BEGIN Material shown

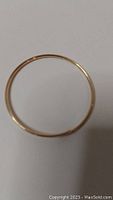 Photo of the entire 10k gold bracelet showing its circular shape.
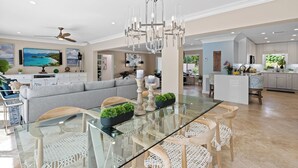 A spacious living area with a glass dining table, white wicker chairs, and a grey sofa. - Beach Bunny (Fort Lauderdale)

END Material shown
BEGIN Material shown

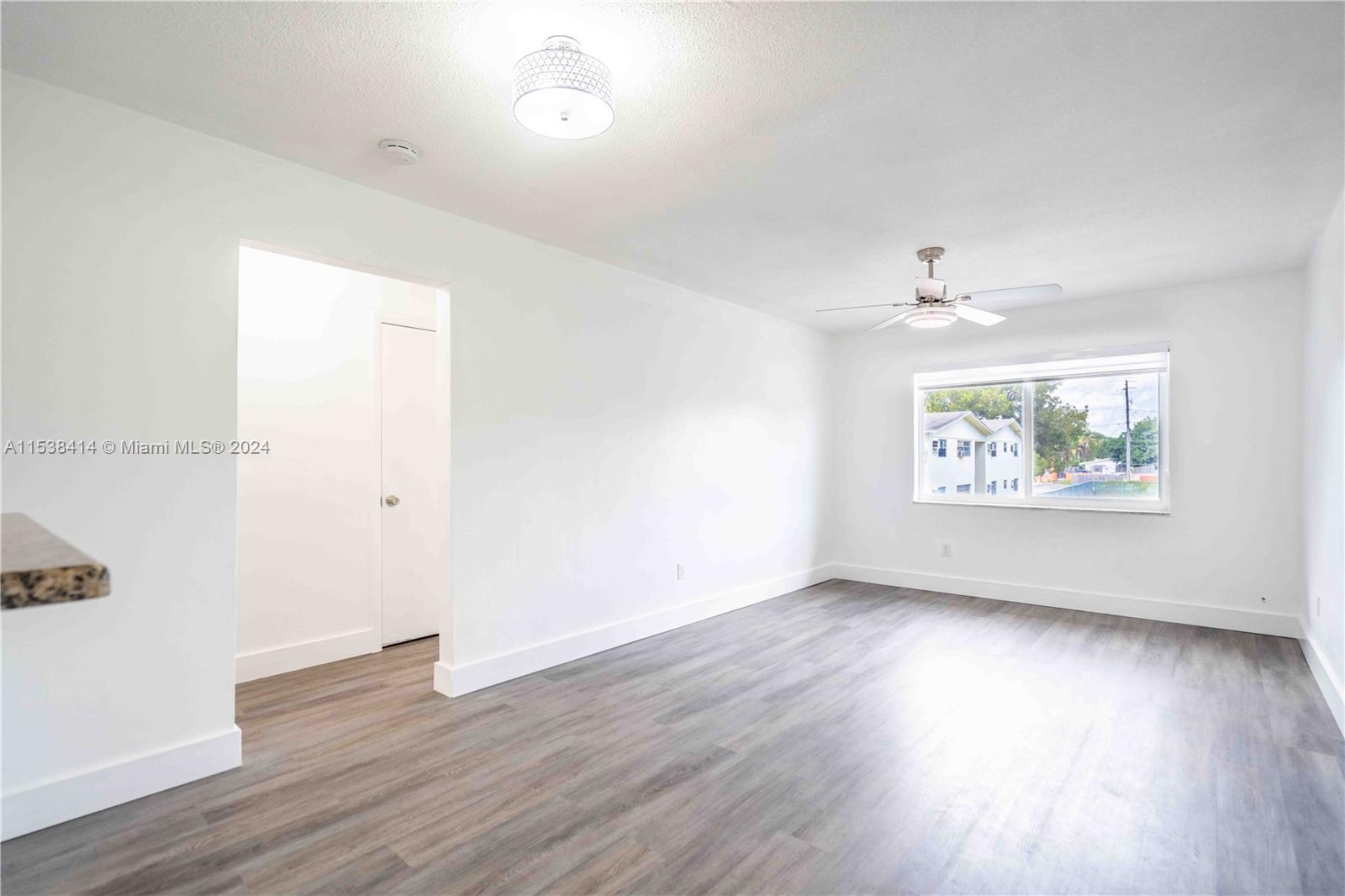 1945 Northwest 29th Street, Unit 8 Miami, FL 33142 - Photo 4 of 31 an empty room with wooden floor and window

END Material shown

**Work item**. Extract the part of the records that opens with the line containing "Photo of the" and closes with the line containing "A spacious living". Take only those lines, exactly, and no pictures.

**Your solution**.
 Photo of the entire 10k gold bracelet showing its circular shape.
 A spacious living area with a glass dining table, white wicker chairs, and a grey sofa. - Beach Bunny (Fort Lauderdale)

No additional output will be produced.